ACTION ITEM ▸ Stop at the line that contains "Flat Green with Star Pattern Balloon". Until then, set down each line of the records exactly, beginning with the first, and skip pictures.

SUPPLIED INFORMATION ▸

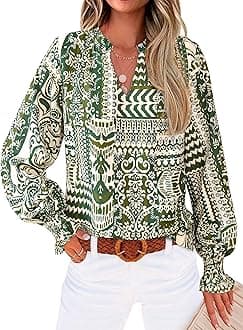 MASCOMODA Womens V Neck Floral Long Sleeve Tops 2025 Summer Casual Loose Puff Sleeve Chiffon Boho Work Blouse Dressy T Shirts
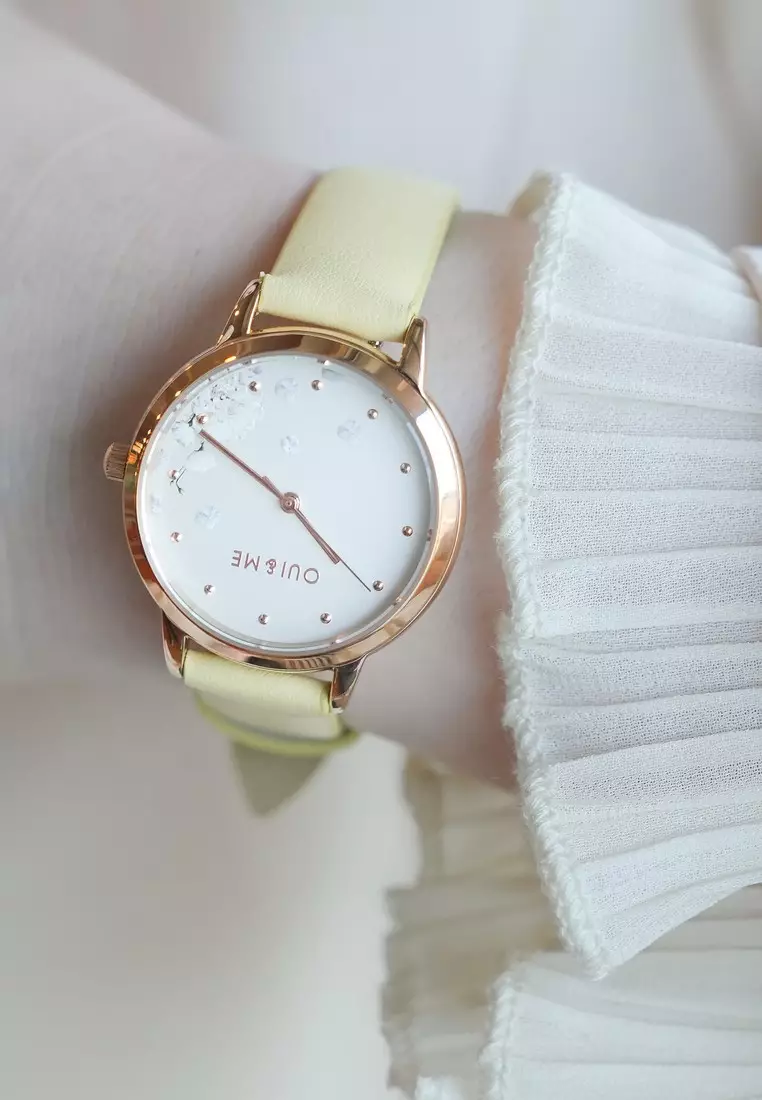 [Sustainable Watch] Oui & Me Fleurette 32mm Women's Yellow Recycled Leather Quartz Watch ME010377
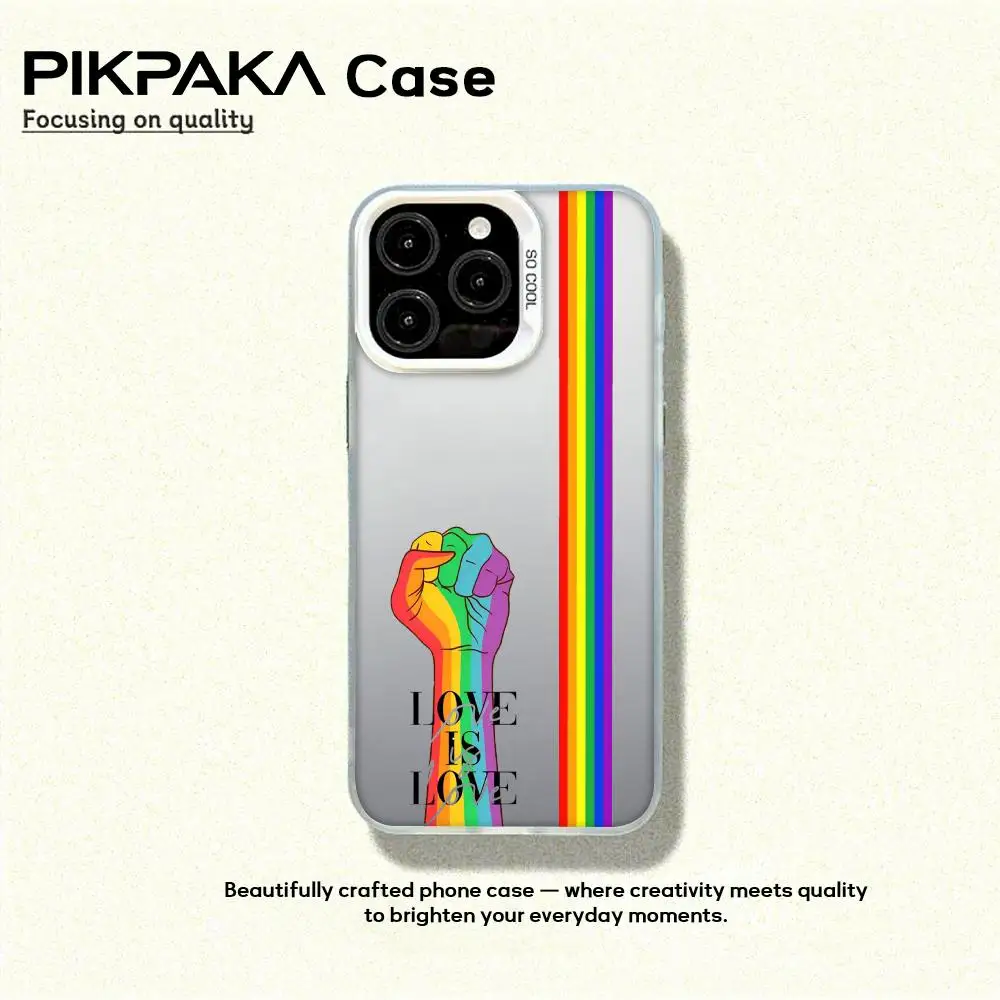 LGBT فخر العلم مثليات جراب هاتف آيفون 17 16 15 14 13 12 11 برو ماكس الهواء الملونة ماتي الليزر أورورا للصدمات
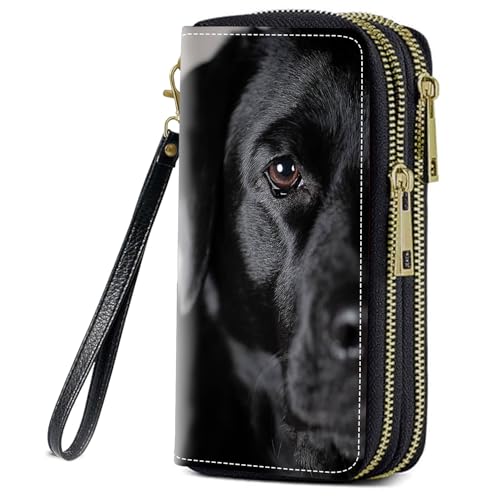 FQTBCEARI Labrador Retriever Print Women Large Capacity Wallet PU Leather Double Zipper Clutch Purse for Smart PhoneCardCoinCash - Image 1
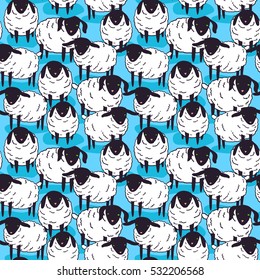 Cute small sheep illustration - seamless pattern, kawaii style farm animals sketch. Hand drawn minimalistic ink drawing with group of baby lamb.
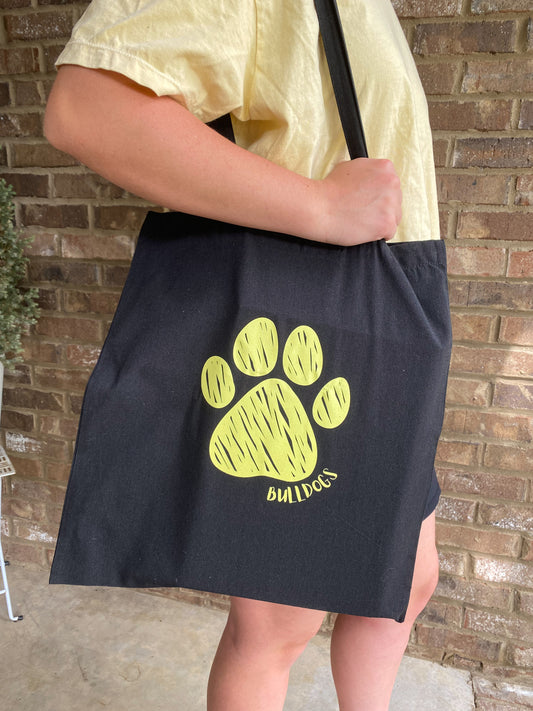 Bulldog Paw Print Tote - Black
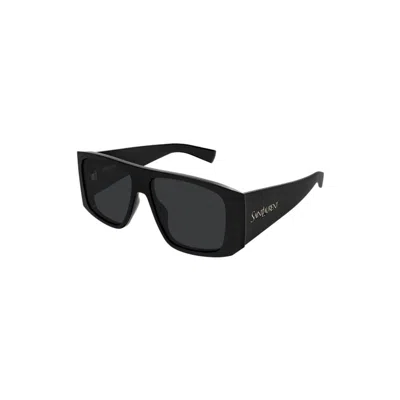 Saint Laurent Wide Rectangular Sunglasses In Black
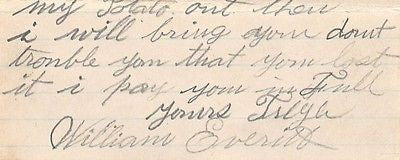 WILLIAM EVERITT WEIDASVILLA PENNSYLVANIA FARMING ANTIQUE AUTOGRAPH SIGNED LETTER - K-townConsignments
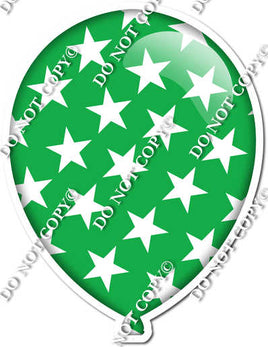 Flat Green with Star Pattern Balloon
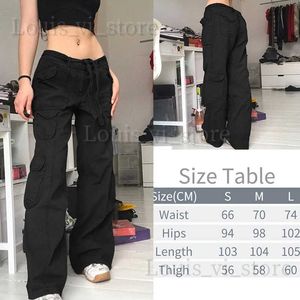 Calças femininas Capris y2k bolsos de carga para mulheres calças de tamanho grande harajuku vintage 90s estéticos calças de cintura baixa largura jeans largo T240221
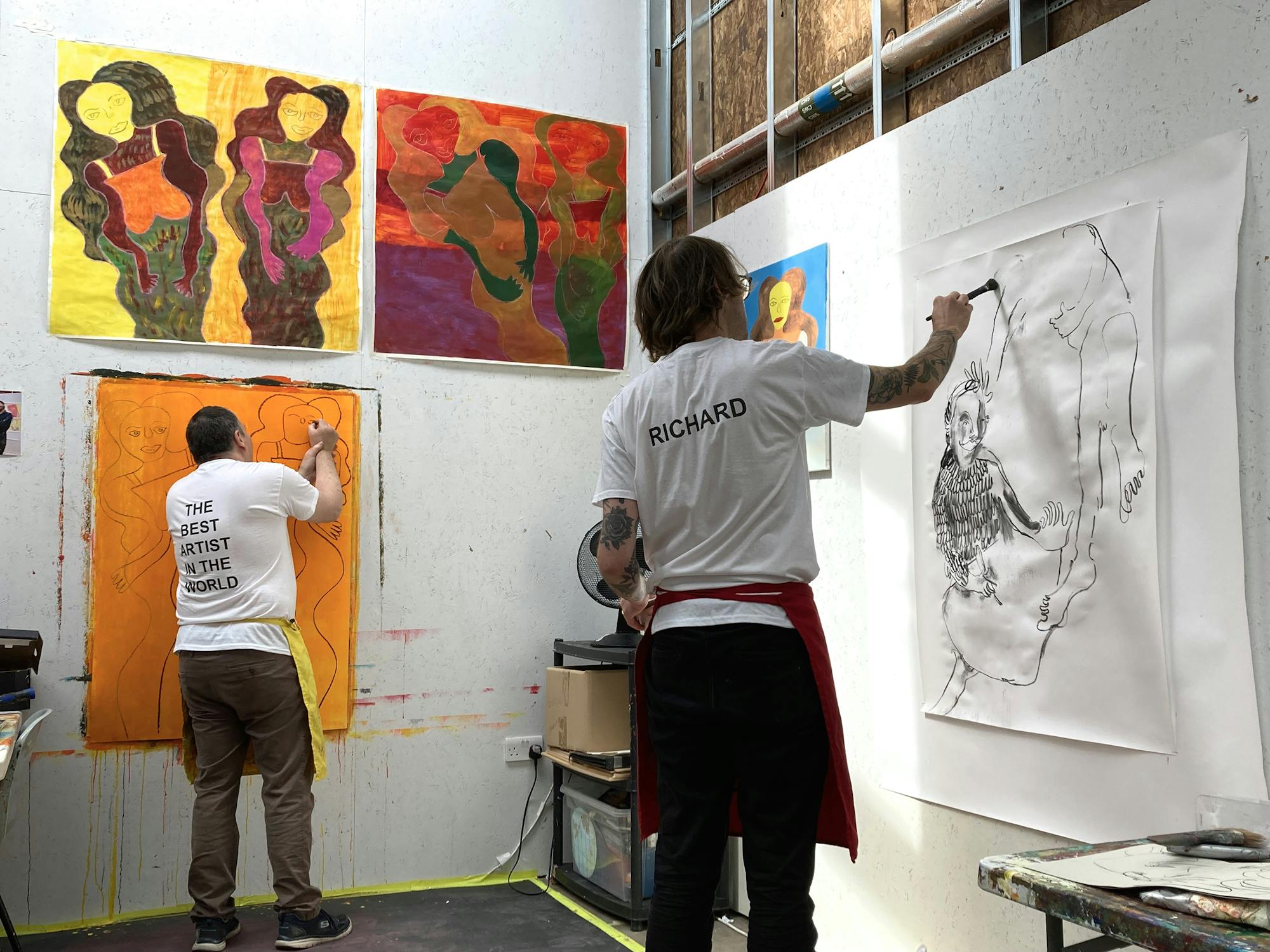 Robin Smith and Richard Phoenix. 'Parallel', Live painting event. ActionSpace studio at Studio Voltaire. 2022. Image courtesy of the Artists and ActionSpace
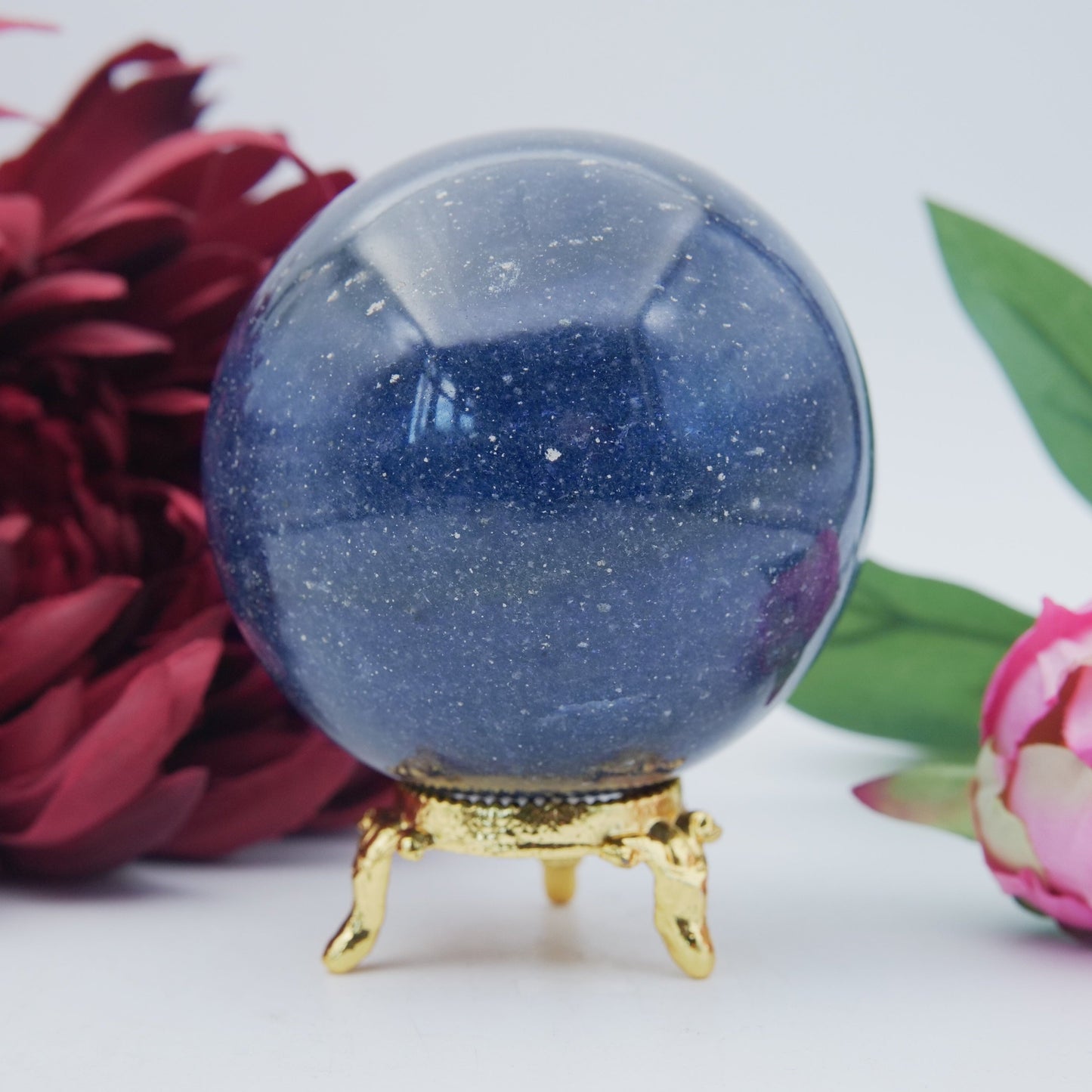 Polished Blue Lazulite Sphere 517G featuring natural patterning and unique variations - Positive Faith Hope Love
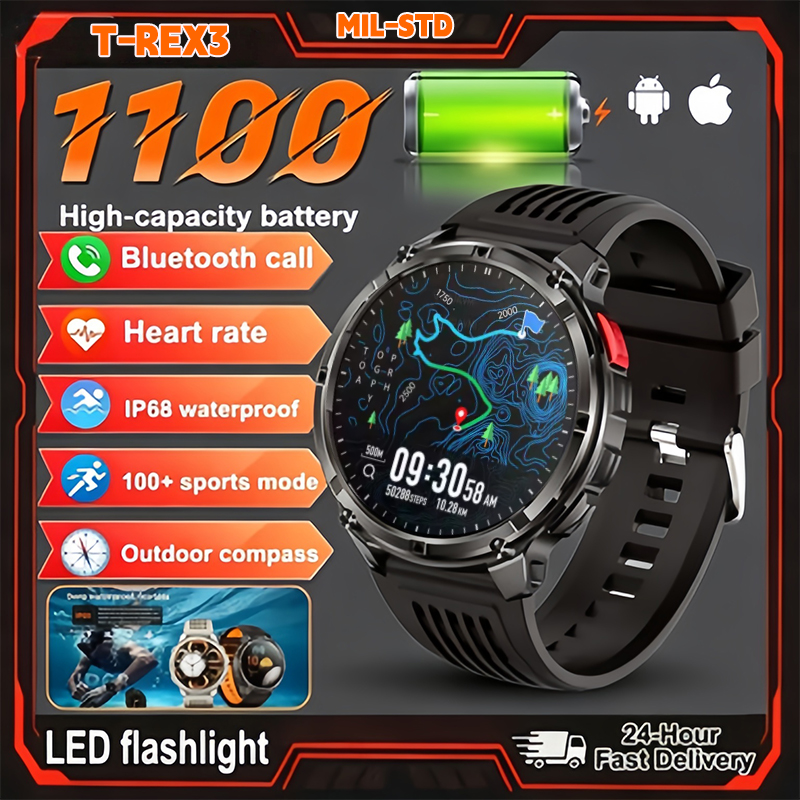 High Refresh Monitor - T-Rex3 Military 1.7inch Smart Watch 1100mAh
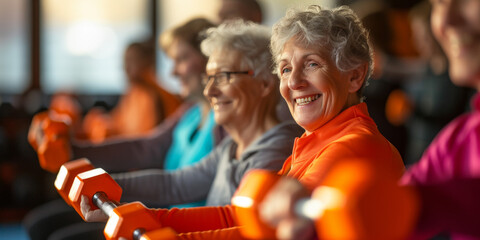 Smiling Seniors: Warm Gym Session with Dumbbells
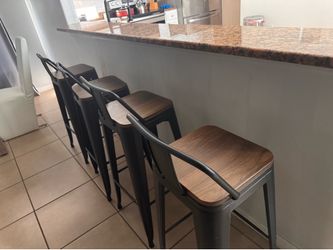 Set of 4 Modern Industrial Kitchen Island Stools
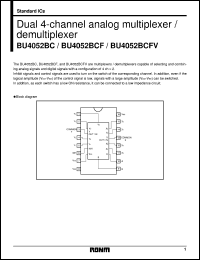 BU4052BCFV datasheet: Dual 4-channel analog multiplexer/demultiplexer BU4052BCFV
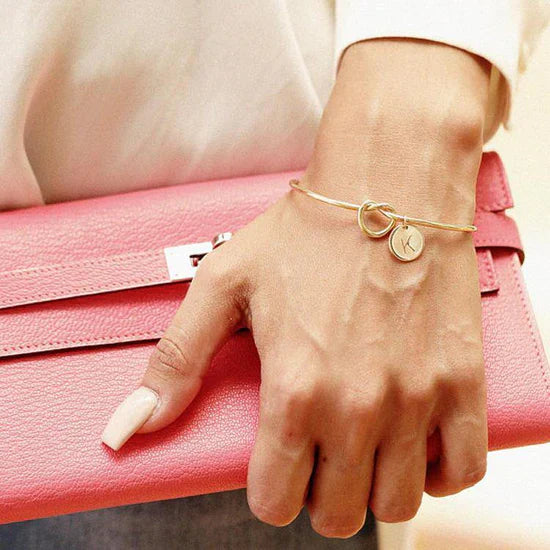 Valantomode | Gold Plated Initial Charm Bangle for Women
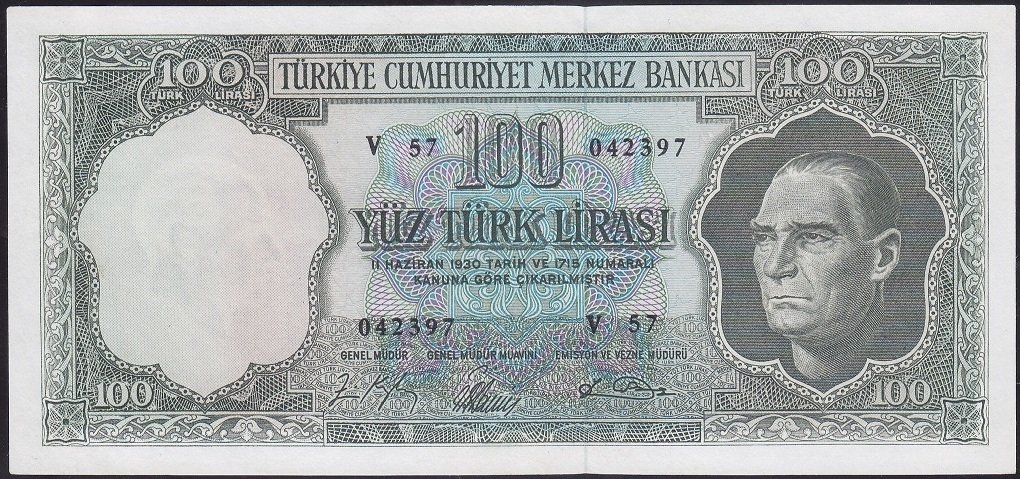 5.EMİSYON 5.TERTİP 100 LİRA V57 042397 ÇÇT (DÜZLENMİŞ)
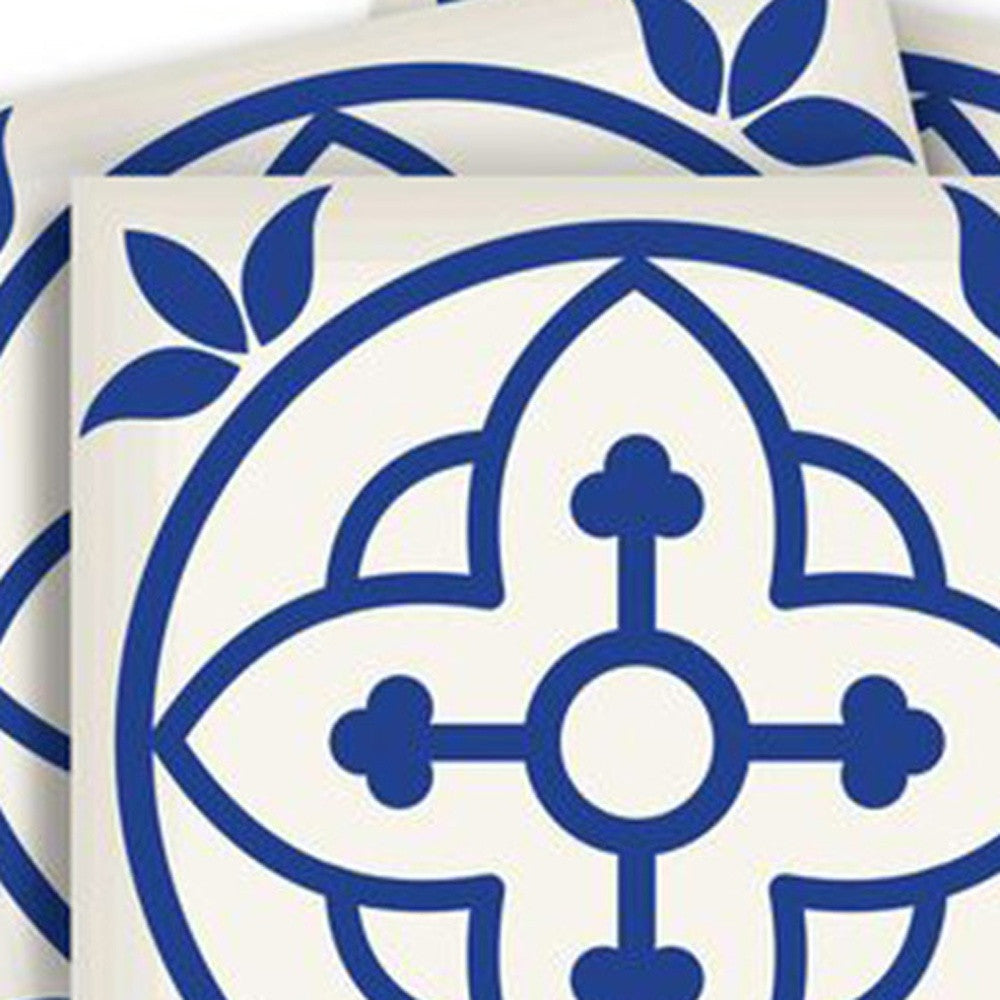 4" X 4" Tulipa Blue and White Peel and Stick Removable Tiles HomeRoots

YOUR RESPONSE ▸
 MASCOMODA Womens V Neck Floral Long Sleeve Tops 2025 Summer Casual Loose Puff Sleeve Chiffon Boho Work Blouse Dressy T Shirts
 [Sustainable Watch] Oui & Me Fleurette 32mm Women's Yellow Recycled Leather Quartz Watch ME010377
 LGBT فخر العلم مثليات جراب هاتف آيفون 17 16 15 14 13 12 11 برو ماكس الهواء الملونة ماتي الليزر أورورا للصدمات
 FQTBCEARI Labrador Retriever Print Women Large Capacity Wallet PU Leather Double Zipper Clutch Purse for Smart PhoneCardCoinCash - Image 1
 Cute small sheep illustration - seamless pattern, kawaii style farm animals sketch. Hand drawn minimalistic ink drawing with group of baby lamb.
 Bulldog Paw Print Tote - Black
 Saint Laurent Wide Rectangular Sunglasses In Black
 WILLIAM EVERITT WEIDASVILLA PENNSYLVANIA FARMING ANTIQUE AUTOGRAPH SIGNED LETTER - K-townConsignments
 Flat Green with Star Pattern Balloon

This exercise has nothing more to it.